La erupción del volcán Etna volvió a golpear el tráfico aéreo en Sicilia. El aeropuerto de Catania tuvo que cerrar todos sus vuelos hasta las 18:00 del miércoles, dejando en tierra 55 operaciones de salida ese día. Desde que comenzó la actividad volcánica hace seis días, ya acumulan casi 400 vuelos cancelados.
Las restricciones obligaron a desviar decenas de aviones hacia otros aeropuertos de la región: Palermo, Trapani y Comiso absorbieron parte del tráfico. En Comiso, la ceniza volcánica forzó el cierre durante varias horas de la mañana.

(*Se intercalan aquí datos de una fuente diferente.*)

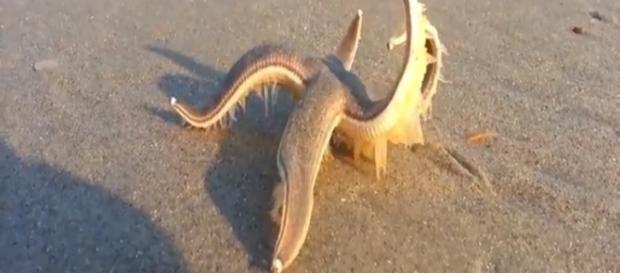 Imagens gravadas em praia viralizam na web Imagens gravadas em praia viralizam na web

El impacto se sintió también en Malta, a unos 220 kilómetros al sur. Las nubes de ceniza llegaron hasta la isla y afectaron operaciones aéreas. Tan importante fue el efecto que la Socjeta Muzikali la Stella Levantina, una sociedad cultural maltesa, debió posponer un espectáculo pirotécnico de las fiestas de Santa Marija porque el lugar de lanzamiento de fuegos queda cerca de la trayectoria de aproximación al aeropuerto.
El Etna sigue siendo el volcán más activo de Europa. Los centros de monitoreo registran que la nube de ceniza continúa desplazándose hacia el sur y el suroeste, alcanzando desde Malta hasta el norte de Libia.